TASK PROMPT: Look through the data below and extract, unchanged, the lines from the one that contains "Badewannen-Rückwand - Panoramischer" to the one that contains "Photo greenery Christmas", both included.

EXERCISE INPUT:
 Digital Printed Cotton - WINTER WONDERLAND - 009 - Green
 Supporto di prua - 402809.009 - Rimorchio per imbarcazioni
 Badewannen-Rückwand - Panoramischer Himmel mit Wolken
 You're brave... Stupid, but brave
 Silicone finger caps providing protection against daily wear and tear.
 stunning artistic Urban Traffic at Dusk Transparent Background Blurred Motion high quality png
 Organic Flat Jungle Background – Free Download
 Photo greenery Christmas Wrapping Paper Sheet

--

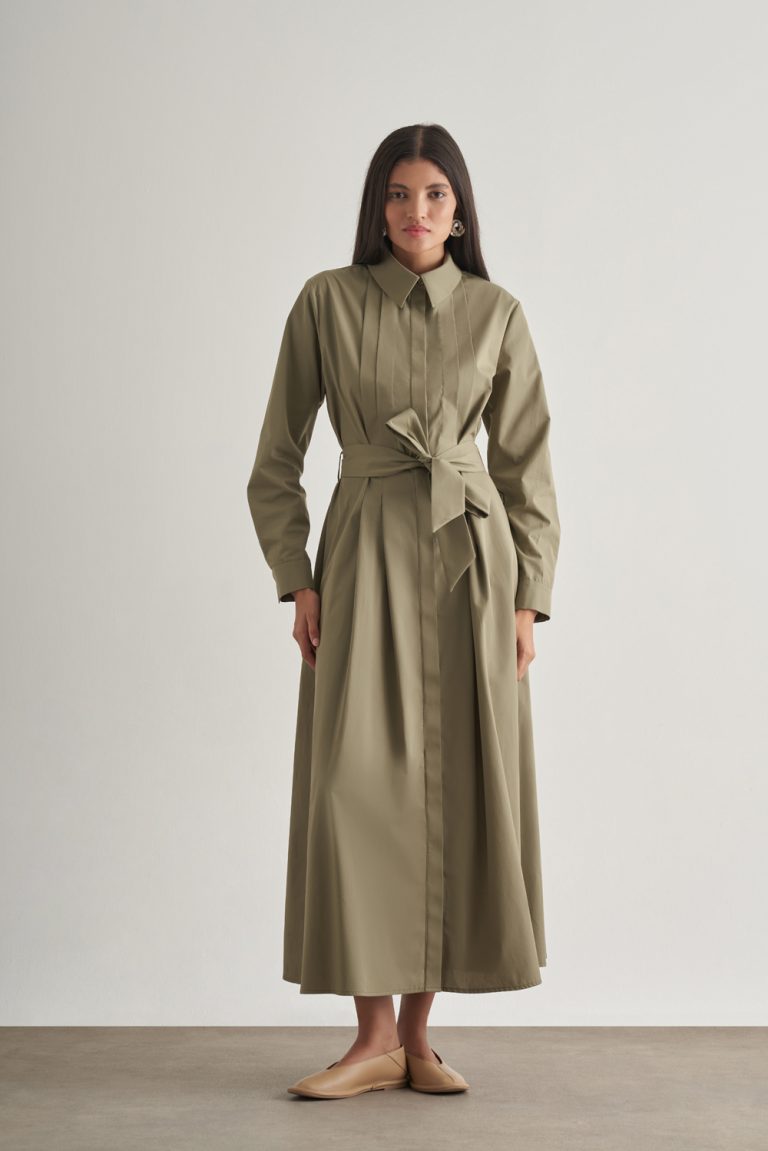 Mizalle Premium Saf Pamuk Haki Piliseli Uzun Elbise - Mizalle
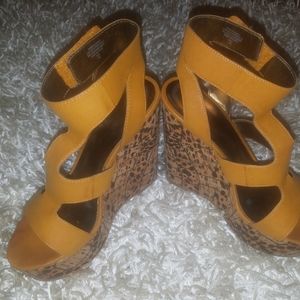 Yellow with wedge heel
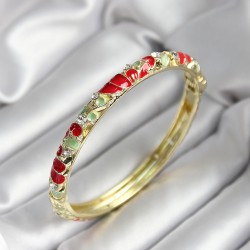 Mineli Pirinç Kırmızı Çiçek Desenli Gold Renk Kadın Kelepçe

--

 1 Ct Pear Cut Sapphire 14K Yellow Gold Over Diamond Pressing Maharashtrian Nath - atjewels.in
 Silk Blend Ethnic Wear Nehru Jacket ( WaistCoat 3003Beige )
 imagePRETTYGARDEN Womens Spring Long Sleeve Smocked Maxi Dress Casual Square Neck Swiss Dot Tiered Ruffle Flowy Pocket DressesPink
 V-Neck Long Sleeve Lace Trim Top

REPLY:
 Badewannen-Rückwand - Panoramischer Himmel mit Wolken
 You're brave... Stupid, but brave
 Silicone finger caps providing protection against daily wear and tear.
 stunning artistic Urban Traffic at Dusk Transparent Background Blurred Motion high quality png
 Organic Flat Jungle Background – Free Download
 Photo greenery Christmas Wrapping Paper Sheet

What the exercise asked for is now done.